Il Cigno Nero è un melodramma ma del tutto particolare. Se la storia che va in scena è quella del lago dei cigni di Ciajkovskij quella che vive la prima ballerina è da “Scarpette rosse”. Niente Ophuls o Visconti nessuna ricercatezza estetica e scenica ma un melodramma tutto di pancia, di rumori, di violenza e sesso al limite dell’horror.

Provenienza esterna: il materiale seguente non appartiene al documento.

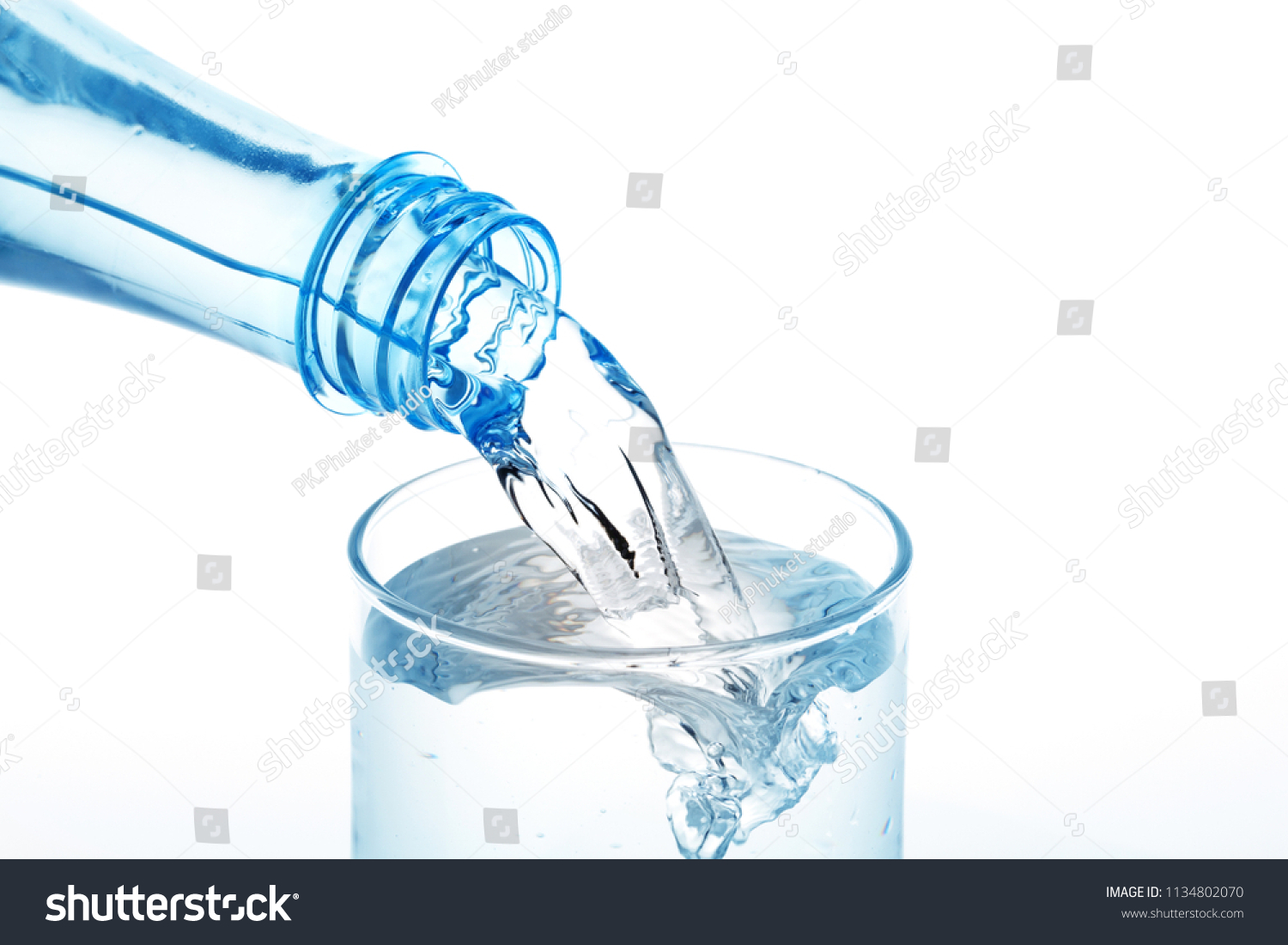 Pouring water from bottle into glass on white background #1134802070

Tutto questo girato con vorticosi movimenti di macchina e un lavoro finale di montaggio che mozza il fiato.

Siamo molto vicini all’altro capolavoro di Aronofsky, “The Wrestler” e non solo per la tecnica usata che è quella di seguire il protagonista con la cinepresa per vivere con lui gli affanni, la preparazione all’esibizione, le paure e i fallimenti. Come il Randy The Ram di “The Wrestler” anche Nina viene “inseguita” da Darren mentre prepara le proprie fasciature, le scarpette, o davanti allo specchio o a letto, entrambi incontro al loro destino che si chiama Sacrificio. Il Sacrificio che si deve compiere per essere liberati da un incantesimo, quello della vita, che non è un ring o un palco. E poi i segni sul corpo, atroci per entrambi: sono le ferite che si portano appresso per i tanti sbagli commessi. Per non avere avuto il tempo di amare o di essere amati chiusi entrambi in un mondo di specchi, una sorta di labirinto dove non c’è liberazione.

Colpiscono nel nuovo film di Aronofsky alcune scene (su tutte quella del Cigno Nero durante la prima o della discoteca) e comunque il film riesce a riempire gli occhi e il cuore.

Visto alla sala Farnese che merita un cenno per l’ottimo lavoro di ristrutturazione fatto, poltrone comodissime e uno schermo che per una sala non da circuito è un lusso. Continuassero a dare film anche di qualità e sicuramente il premio della presenza degli spettatori li ripagherà.